Wenn heute Deutsche den Tschechen, morgen Tschechen den Deutschen die Firmenschilder herabreissen oder die anderssprachigen Aufschriften zerstören, so bleibt das ungesühnt. Geschähe dies einmal englischen Firmen mit englischen Aufschriften, so würde tags darauf der Botschafter Genugtuung und Schadenersatz fordern und auch pünktlich erhalten. Warum? Zwischen Staat und Staat besteht eine Rechtsordnung – zwischen Nation und Nation in Oesterreich nicht. Es gibt ein Völkerrecht zwischen Staaten, aber ein Völkerrecht zwischen den Völkern eines Staates gibt es nicht – und das ist bis heute natürlich, da ja die Völker rechtlich nicht existieren.
Und nun dreht sich gerade alles darum, den Völkern zur Existenz zu verhelfen – was ihre Vormünder nicht begreifen wollen. Existieren sie einmal, so helfen sie sich selber.
Wenn Staatsfremde eine Kolonie unter dem Schutze ihrer Konsuln und Gesandten bilden, warum sollen im Rahmen eines und desselben Staates nicht viel einfachere Organisationen bestehen können? Warum kann nicht die Minderheit einer Stadt obligatorische Minoritätsgemeinden mit eigenen Organen bilden? Was die mährischen Juden heute ohne Not auf konfessioneller Grundlage tun, sollte aus guten Gründen für die Nationen unmöglich sein? Diese Minderheitsgemeinden können doch als völlig gleichwertige Glieder in die Nation einbezogen sein, die Nation kann, falls die Gemeinde nicht steuerkräftig genug ist, diese Organe subventionieren, ja sie kann für alle Fälle (etwa die Deutschen in Triest) ohne die Basis einer Gemeindeorganisation einen autorisierten Dolmetsch und Anwalt bestellen, der natürlich von Gesetzes wegen bei allen Aemtern, Behörden etc. »akkreditiert« ist. Nicht also von dem Fremden, sondern von der eigenen Nation muss ich meinen Schutz in der Fremde fordern – ein Rechtssatz, den kaum jemand bestreiten kann.
So weit die Analogie.
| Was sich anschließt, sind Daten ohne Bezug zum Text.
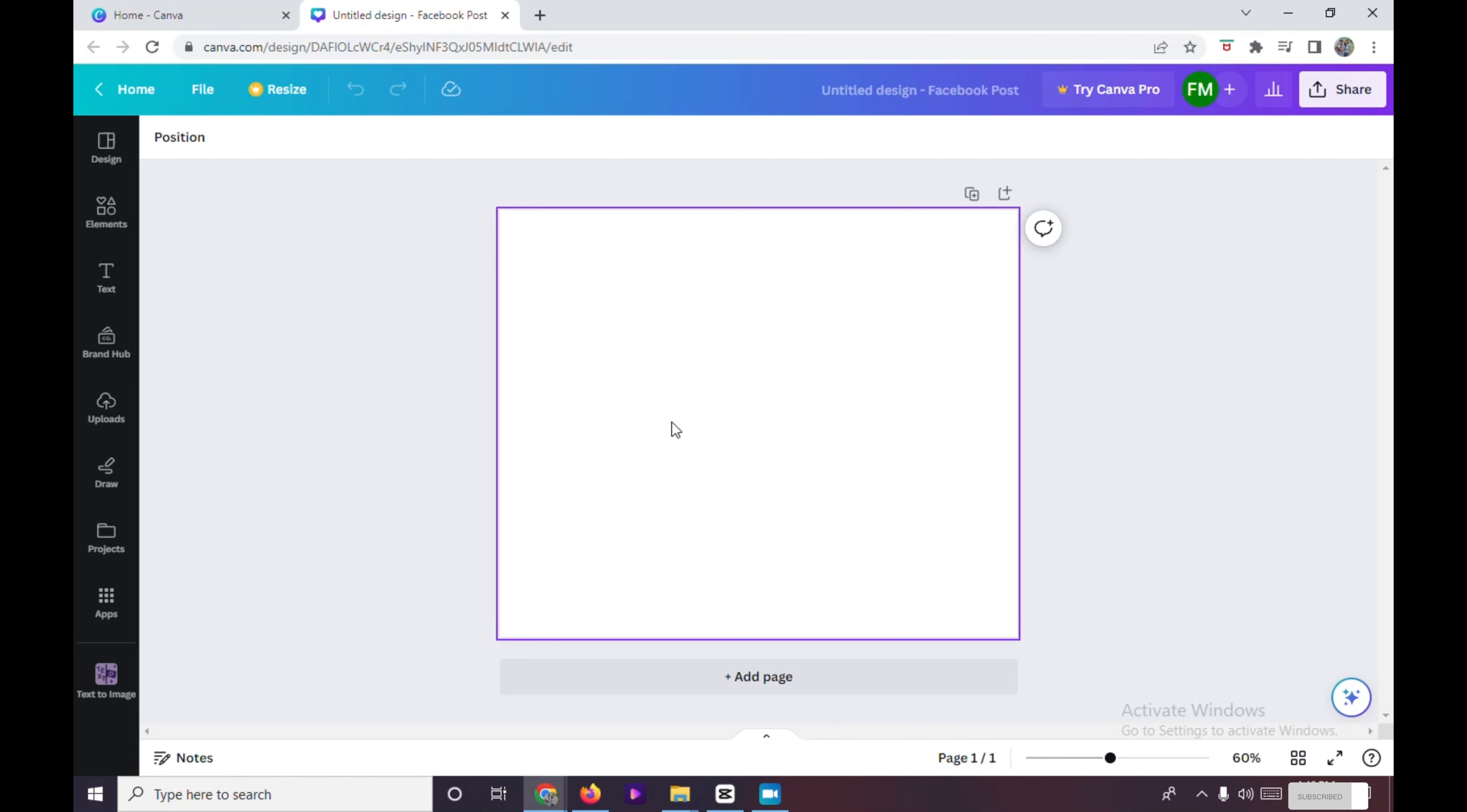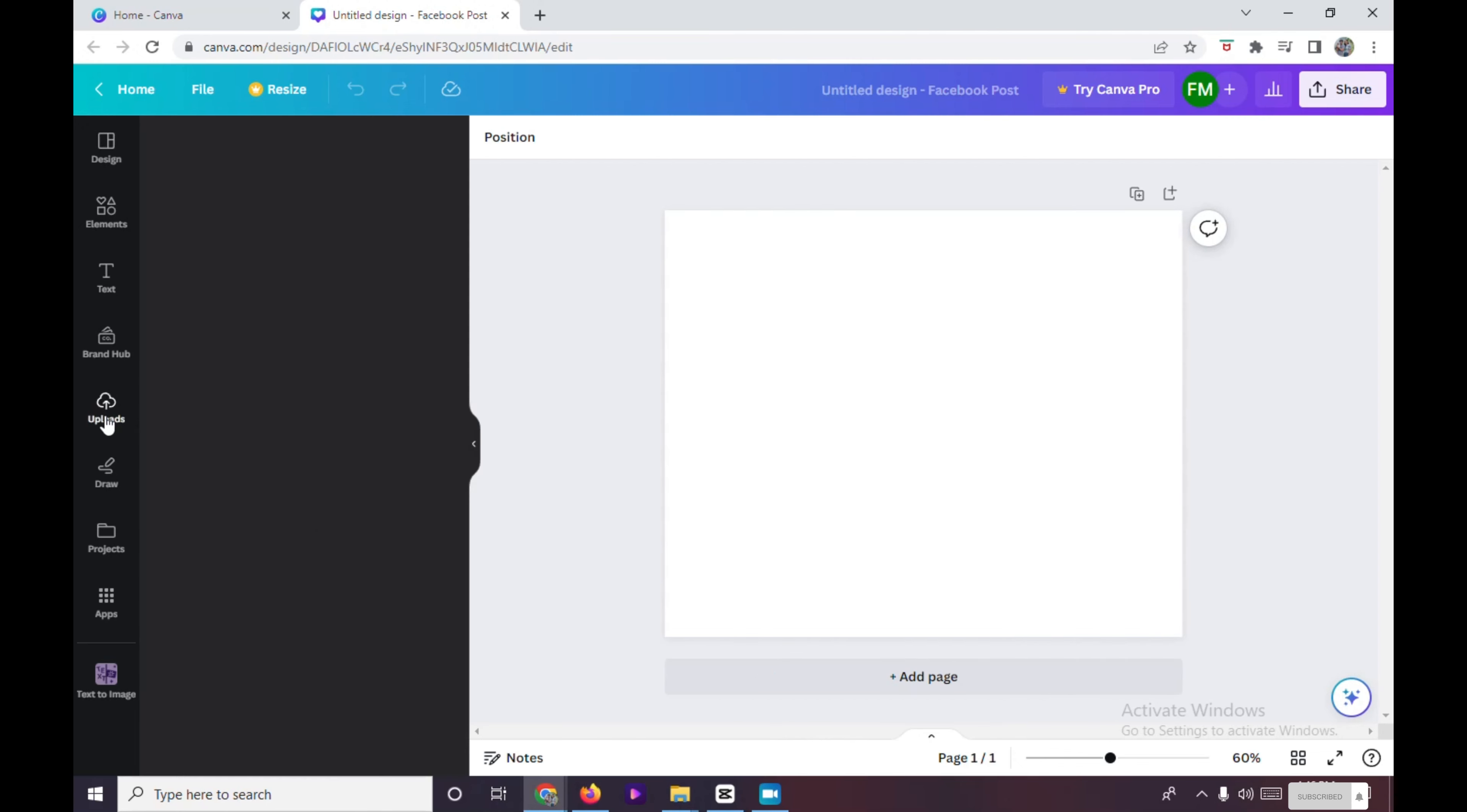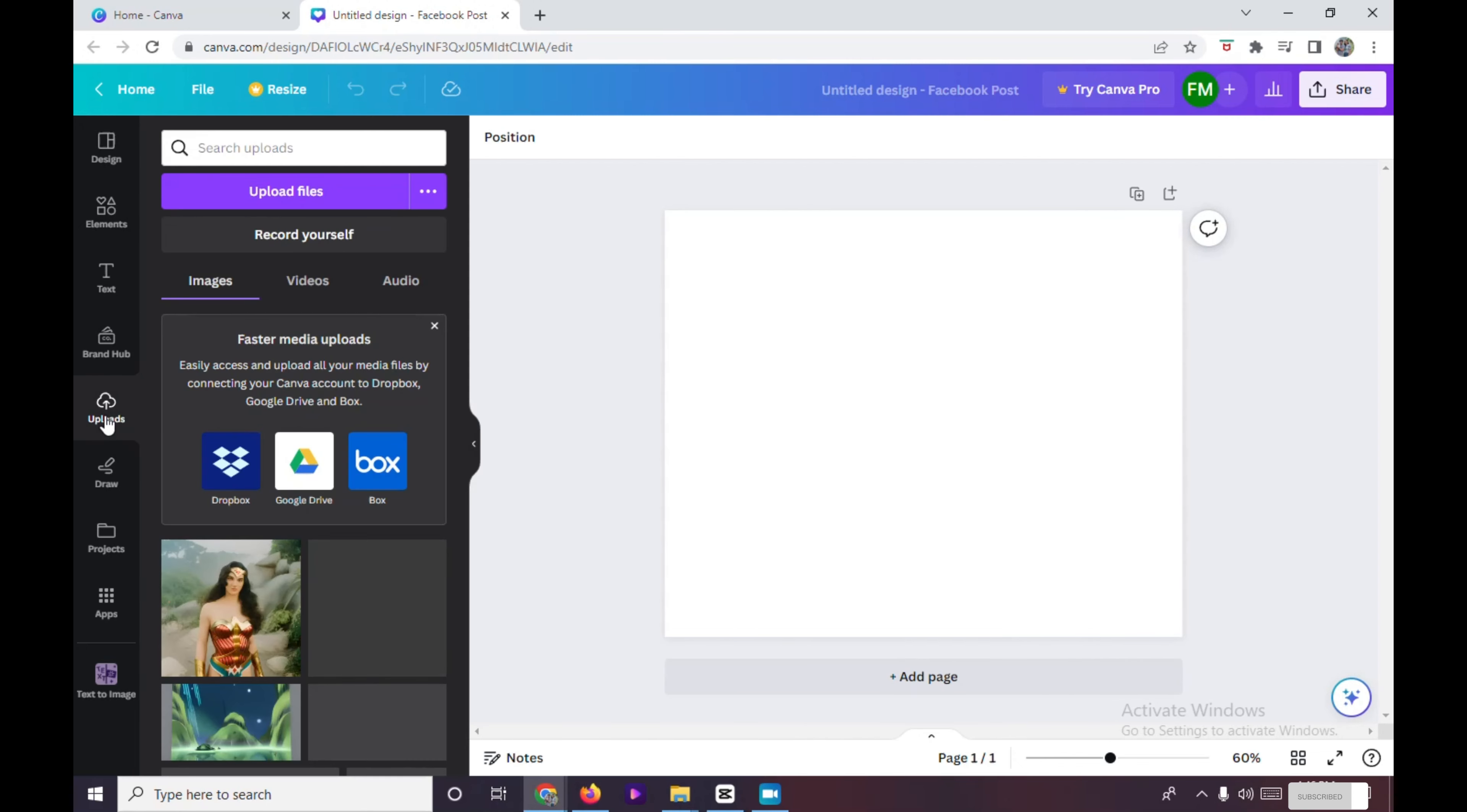To remove the background of a picture, upload your picture by clicking on Upload right here. Then when your picture is already uploaded...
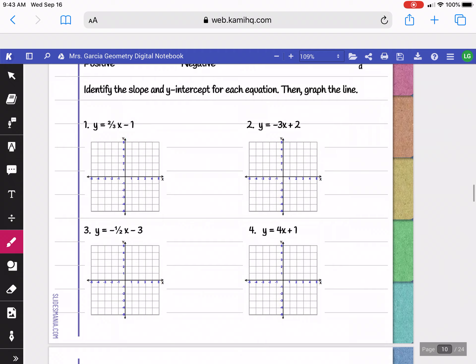In these examples, we're going to identify the slope and the y-intercept, then graph the line. Your slope is always the number in front of x, and your y-intercept is the number being added or subtracted. For question 1, my slope (m) is 2/3, and my y-intercept (b) is negative 1. We use m for slope because it tells you how to move, and b tells you where to begin.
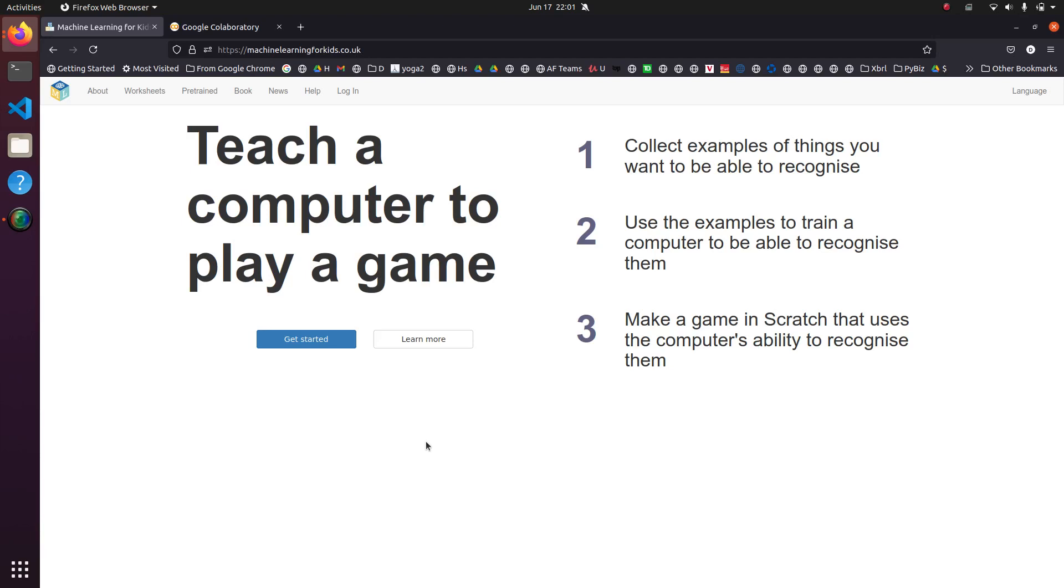Welcome back to another episode of the Pythonic Accountant. We are going to delve into the world of machine learning.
Nun aber sind wir international in einem Staate organisiert und eben das, was international und allen gemeinsam ist, soll ja Staatssache sein. Sofern nicht Minoritätsgemeinden im Anschluss an die geschlossenen Nationsgebilde organisiert sind und doch eine nennenswerte Diaspora da ist, kann der Staat durch sein Gesetz im Rahmen der sonst national autonomen Aemter die Anstellung von Beamten fordern, die als sprachliche Vertreter, als Dolmetsche und Ratgeber der Fremdsprachigen fungieren. Und er wird dies am besten in der Form anordnen, dass er den national autonomen Amtsherren die Bedingung setzt, in einem entsprechenden Prozentsatz auf allen hierarchischen Stufen doppelsprachige Beamte anzustellen. Und die Amtsherren selbst werden dem nachleben, denn auch für sie ist die Polyglottie ihrer Beamten ein Vorteil – national haben sie die Beamten ja ganz in der Hand. Die für alle Nationen gleiche Vorschrift gleicht Last und Vorteil dieses Zwanges aus: man schützt seine eigenen Söhne in der Fremde, indem man die Fremden in der Heimat schützt.
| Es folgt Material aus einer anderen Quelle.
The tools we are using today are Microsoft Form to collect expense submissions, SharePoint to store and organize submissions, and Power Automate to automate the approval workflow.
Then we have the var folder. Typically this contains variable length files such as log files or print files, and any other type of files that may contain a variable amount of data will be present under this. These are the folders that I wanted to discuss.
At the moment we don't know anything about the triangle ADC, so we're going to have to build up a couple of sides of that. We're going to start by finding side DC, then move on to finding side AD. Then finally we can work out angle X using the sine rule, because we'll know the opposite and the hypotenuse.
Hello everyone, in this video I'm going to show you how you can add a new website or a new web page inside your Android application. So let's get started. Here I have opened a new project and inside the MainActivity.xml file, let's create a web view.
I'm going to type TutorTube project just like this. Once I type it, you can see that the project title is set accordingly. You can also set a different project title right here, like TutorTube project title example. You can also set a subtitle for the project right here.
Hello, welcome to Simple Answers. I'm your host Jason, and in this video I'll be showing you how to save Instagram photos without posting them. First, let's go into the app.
Die völkerrechtliche Analogie hat uns also dazu gedient, den Rechtsgedanken zu entwickeln, an der Hand dessen wir über die Zweckmässigkeit und Billigkeit einer Massregel urteilen können. Man muss schon einmal bei uns weit ausholen, um zu beweisen, dass jede Nation verhalten werden kann, für die Sprachbedürfnisse jener Fremden zu sorgen, die sie im Lande selbst ausbeutet, mit denen sie im Lande Geschäfte schliesst. Denn die Fremden sind wahrlich keine blossen Vergnügungsreisenden und wenn sie es sind, so bringen sie erst recht das Geschäft in das Land. Aber item, die organisierten Nationen können sich ja selbst vorbehalten, ihre Diaspora zu schützen, sie haben, wenn sie konstituiert sind, die Macht und die Mittel dazu.
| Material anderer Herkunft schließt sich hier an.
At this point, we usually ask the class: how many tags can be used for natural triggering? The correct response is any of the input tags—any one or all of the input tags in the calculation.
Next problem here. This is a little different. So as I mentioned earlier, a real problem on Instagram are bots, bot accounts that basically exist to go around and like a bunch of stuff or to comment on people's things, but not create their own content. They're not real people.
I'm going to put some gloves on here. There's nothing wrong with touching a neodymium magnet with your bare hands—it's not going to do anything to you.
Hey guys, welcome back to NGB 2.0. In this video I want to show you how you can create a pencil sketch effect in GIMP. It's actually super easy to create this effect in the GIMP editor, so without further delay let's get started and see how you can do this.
Der Schutz der nationalen Minderheit im gemischtsprachigen Gebiete ist durch die nationale Autonomie nicht etwa gehindert, sondern geradezu gewährleistet. Er ist am vollkommensten durch die Organisation auf Grund des reinen Personalitätsprinzips gesichert, die Sicherung vermindert sich in dem Masse, als wir uns dem. Territorialprinzip nähern. Wie weit wir das eine oder das andere berücksichtigen können, liegt nicht in unserer Willkür. [2]
Hier liegt nun für das Proletariat die Hauptfrage, nicht in dem Streit über die innere Dienstsprache. Für die bürgerliche Welt ist sie nebensächlich, äusser soweit sie Expansionshoffnungen der Bureaukratie nährt. Hier erstehen uns auch die grössten taktischen Schwierigkeiten.
Was wir selbst im Prinzip fordern müssen, scheint freilich einfach und klar: Konstituierung der Nationen.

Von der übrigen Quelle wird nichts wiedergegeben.